Everyone has their own unique approach to safeguarding their financial future. There is no such thing as a one-size-fits-all strategy, as it depends entirely on the current financial circumstances and long-term goals of the individual in question.
One of the most contentious points on the subject of future planning is whether it makes more sense to repay your mortgage early or put more money into your retirement pot. Both of which could technically put you in a much stronger financial position in years to come, but which of the two is more advantageous?
Should you pursue the tax benefits of more pension savings at your disposal, or enjoy the freedom of a life with no outstanding mortgage payments?
Overpaying Your Mortgage
For most people, their mortgage is the single biggest debt they will take on during their life. Where possible, it can be tempting to overpay your mortgage, in order to pay off the full balance earlier. Whether you overpay regularly or on occasion is up to you, but the overall benefit is the same, mortgage freedom much sooner.

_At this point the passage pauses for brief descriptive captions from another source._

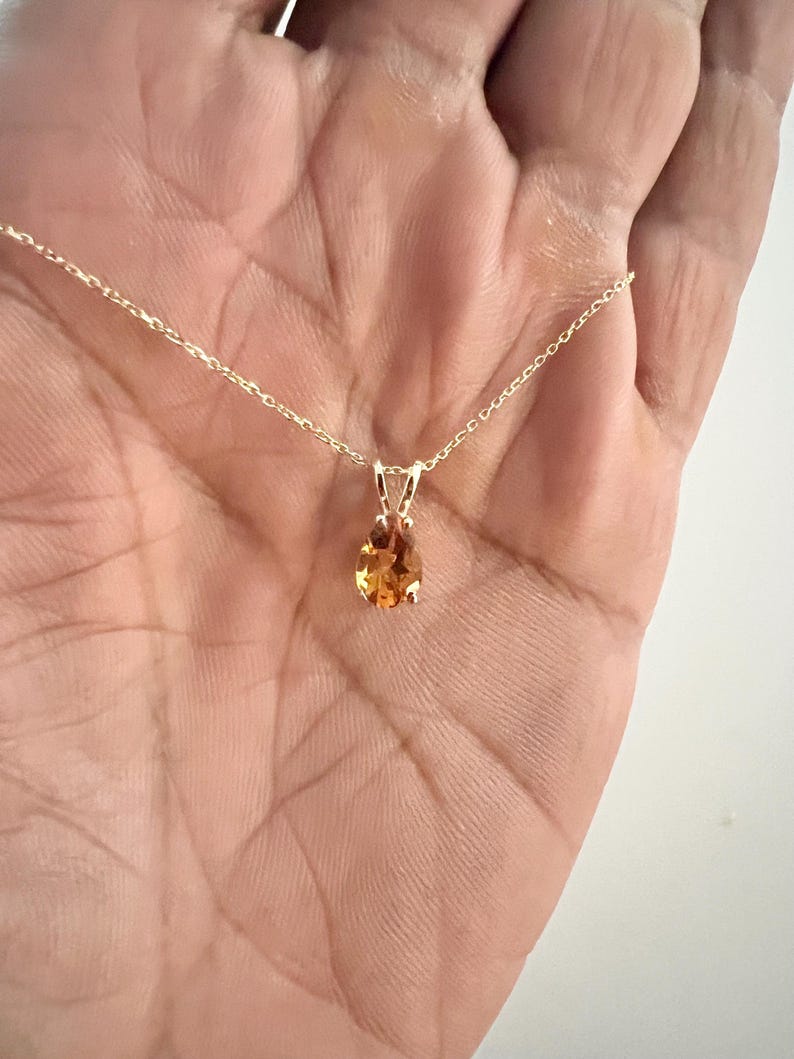 May include: A gold necklace with a small, oval-shaped, orange gemstone pendant. The pendant is suspended from a delicate gold chain. The gemstone has a warm, amber color and is set in a simple gold setting.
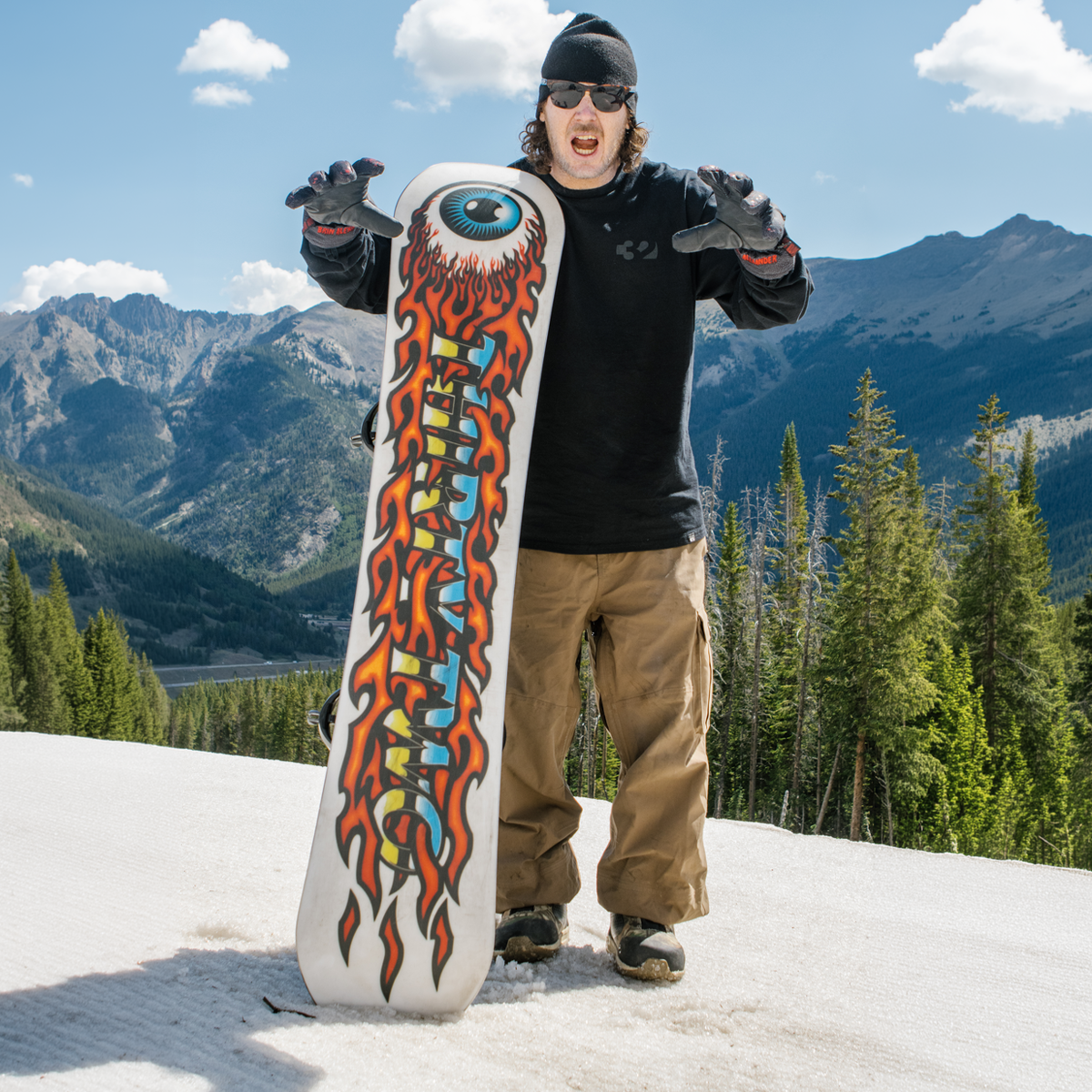 ThirtyTwo Cold World snowboarder with board base side facing camera in snow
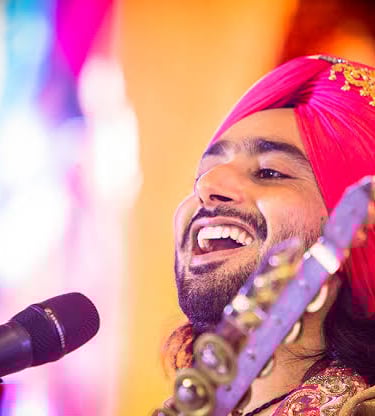 a man in a turban with a microphone and a microphone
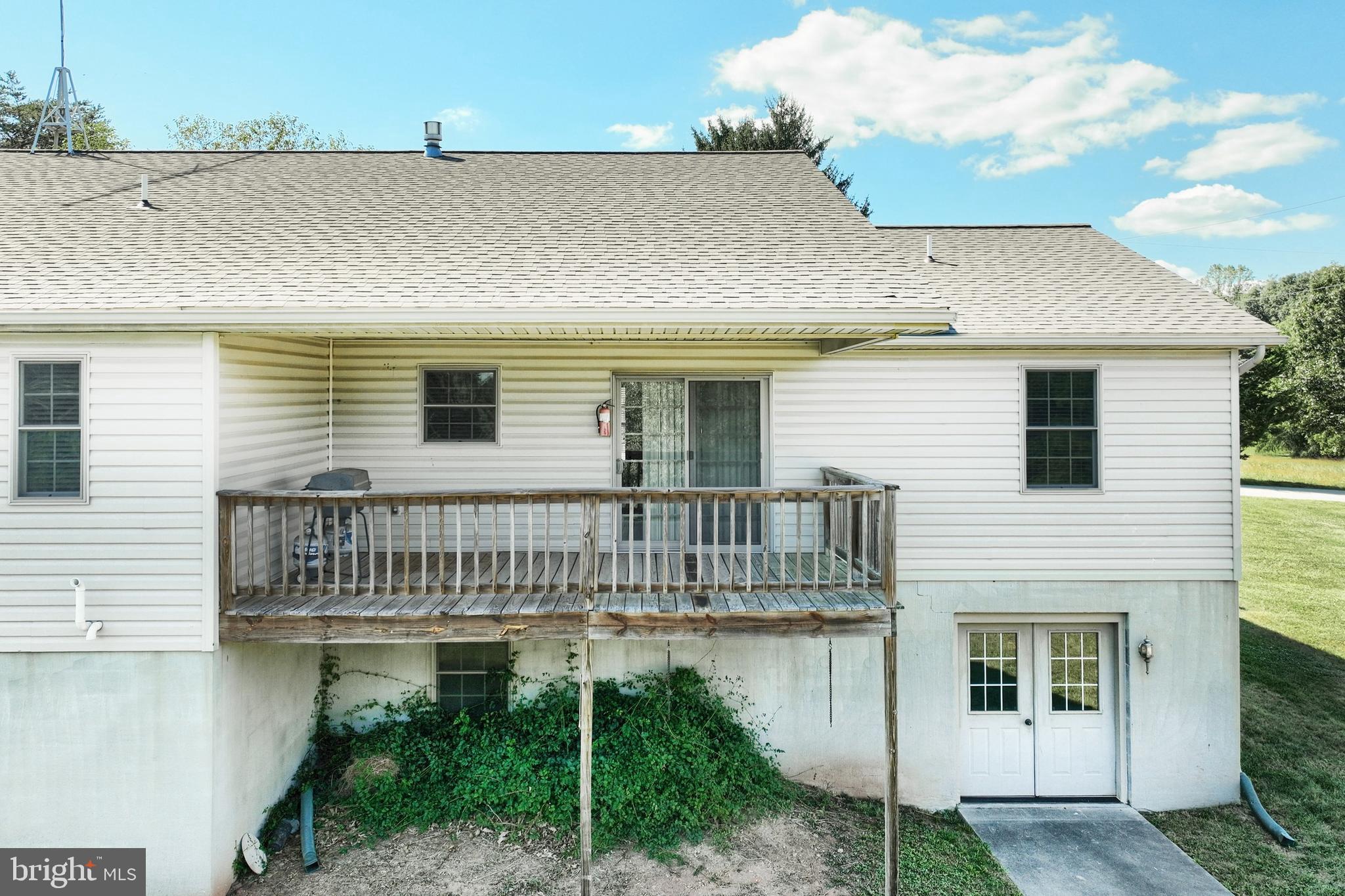 965 East Butter Road York, PA 17406 - Photo 10 of 54 a view of a house with a deck and furniture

Overpaying your mortgage can be beneficial in numerous ways. You quickly build equity in your home, enabling you to access much better deals if you decide to remortgage or borrow more. In addition, repaying early can lead to significant savings in long-term interest payments and overall borrowing costs.
Early repayment of a mortgage also means taking full ownership of your home at an earlier date. After which, you will no longer face the potential risk of your home being repossessed, in the event that you fall behind on your repayments.
With average monthly mortgage payments in the UK having now exceeded £750, this amounts to a lot of extra money in your pocket each month after repaying your mortgage early.
Paying Towards your Pension
The alternative option is to continue repaying your mortgage as normal, while investing your extra money in your pension pot. One of the biggest benefits of doing so is the tax relief associated with pension funds, as by adding to your pension pot you are effectively reducing your taxable income.
For example, each time you pay £100 into your pension pot, HMRC tops it up with a further £25. This increases to £50 for higher-rate taxpayers, who stand to benefit even more from the tax incentive.
Each year, you can pay anything up to £40,000 into your pension pot, which in the course of several years could add up to significant pension savings.
What Works for You…
As touched upon previously, making the right decision means deciding what works for you. It depends entirely on whether you want to have more money in your savings when you retire or benefit from mortgage freedom. Both of which could make a huge difference to your financial security following retirement, though in somewhat different ways.
If in doubt, consult with an independent broker or financial adviser in order to gain a better understanding of the pros and cons of both options.